Add Batch Normalization Layer
Synopsis
Adds a batch normalization layer to your neural net structure.
Description
This operator has to be placed into the subprocess of the Deep Learning, Deep Learning (Tensor) or Autoencoder operator. It adds a batch normalization layer to the neural net structure. However it is often used just before applying an activation function. In order to add it before an activation function, deactivate the activation function of the previous layer, add the batch normalization layer followed by an activation layer with the desired activation function chosen.
Batch normalization is a method used to potentially speed up training (depending on the size of the data) and avoid the so-called covariance shift. One wants to avoid covariance shift, to ease the process of optimization. Batch normalization works by subtracting the mean of the current batch from its entries and dividing them by their standard deviation. During training mean and standard deviation are taken from the current batch size, while for testing the values are obtained from the whole data set to avoid bias.

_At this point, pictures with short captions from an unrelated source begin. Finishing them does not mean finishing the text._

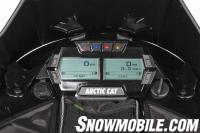 2014 Arctic Cat Digital Gauge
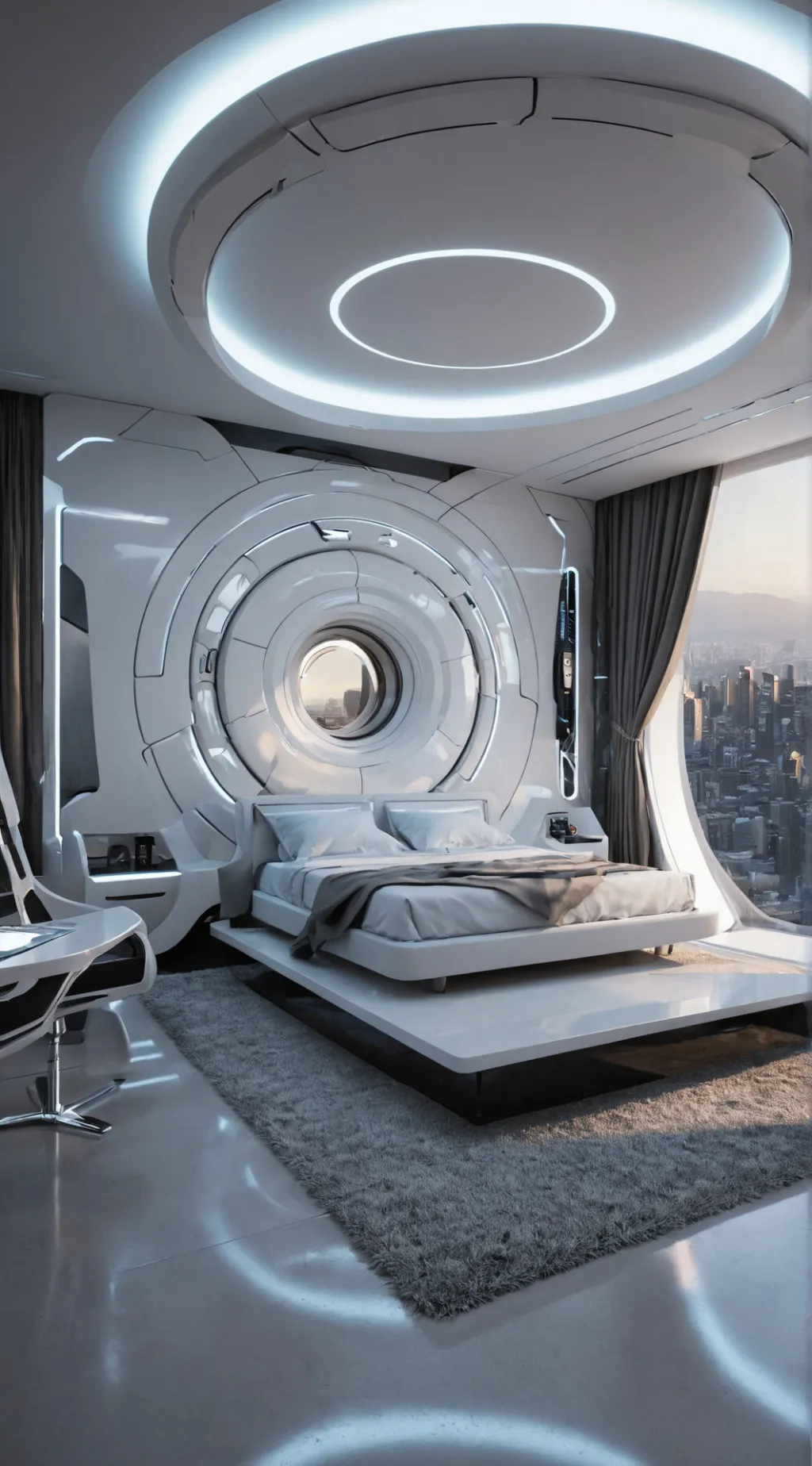 ai character: Avengers Sleepover background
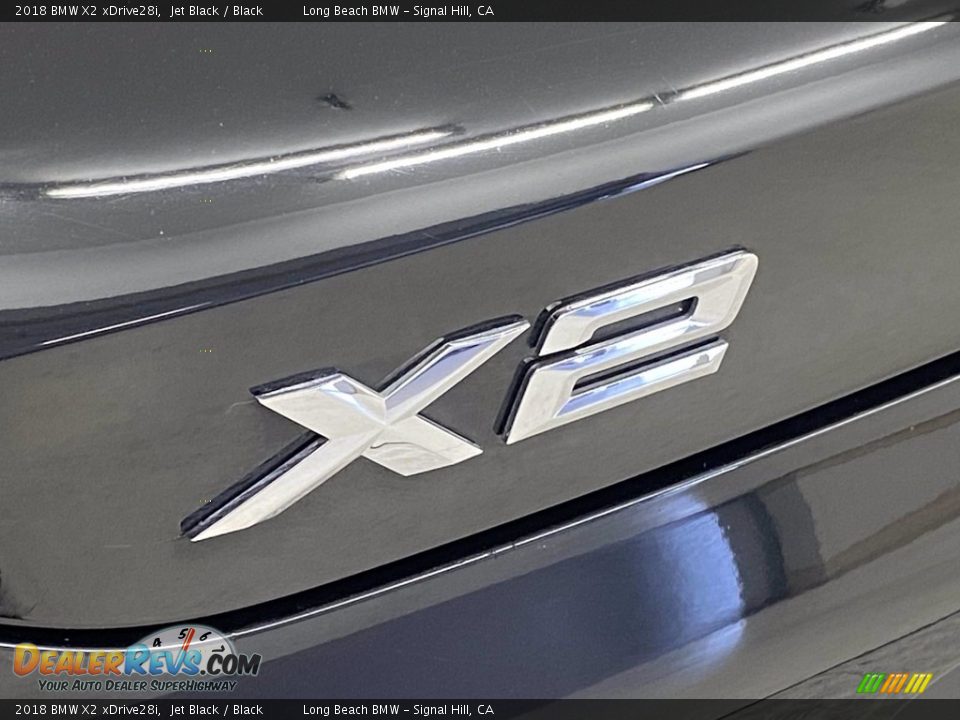 2018 BMW X2 xDrive28i Jet Black / Black Photo #10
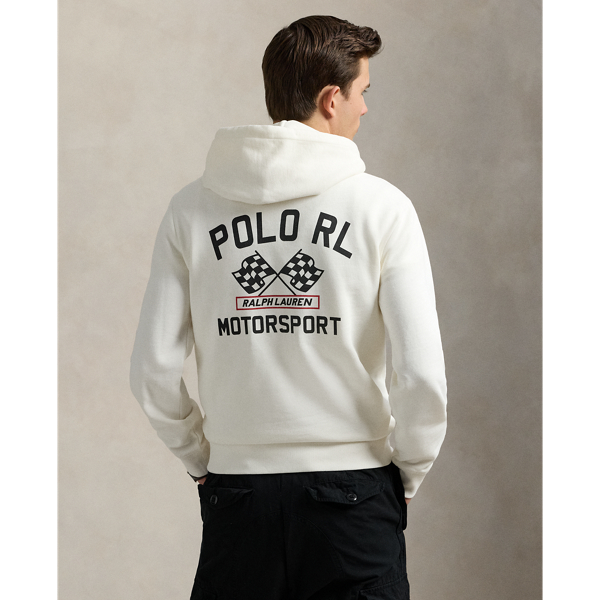 ◆【POLO】フリースグラフィックフーディ◆ スラブ フリース グラフィック フーディ | ラルフ ローレン公式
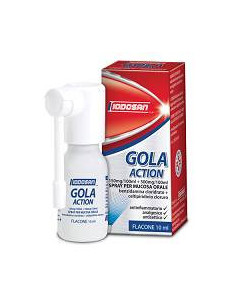 Gola action*spray 0,15% piu 0,5%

After normalization the batch values can also be scaled and changed via an offset, using the gamma and beta parameters.
Input
layerArchitecture
A network configuration setup with previous operators. Connect this port to the layerArchitecture output port of another add layer operator or to the layer port of the "Deep Learning" operator if this layer is the first one.
Output
layerArchitecture
The network with the configuration for this batch normalization layer added. Connect this port to the next input port of another layer or the layer port on the right side of the "Deep Learning" operator.
Parameters
Gamma
Provide a scaling factor used to change the data after it has been normalized.
Beta
Provide an offset value, that is added to the data after it has been normalized.
Lock gamma and beta
Check this option to keep gamma and beta values the same during the whole training process. Uncheck it, if these values should be changed using the decay parameter.
Decay
Provide a value, that is substracted from the initial gamma value before using it for scaling the mean.
Epsilon
Provide a small value, that is added to the variance.
Layer name
Provide a name for the layer for ease of identification, when inspecting the model or re-using it.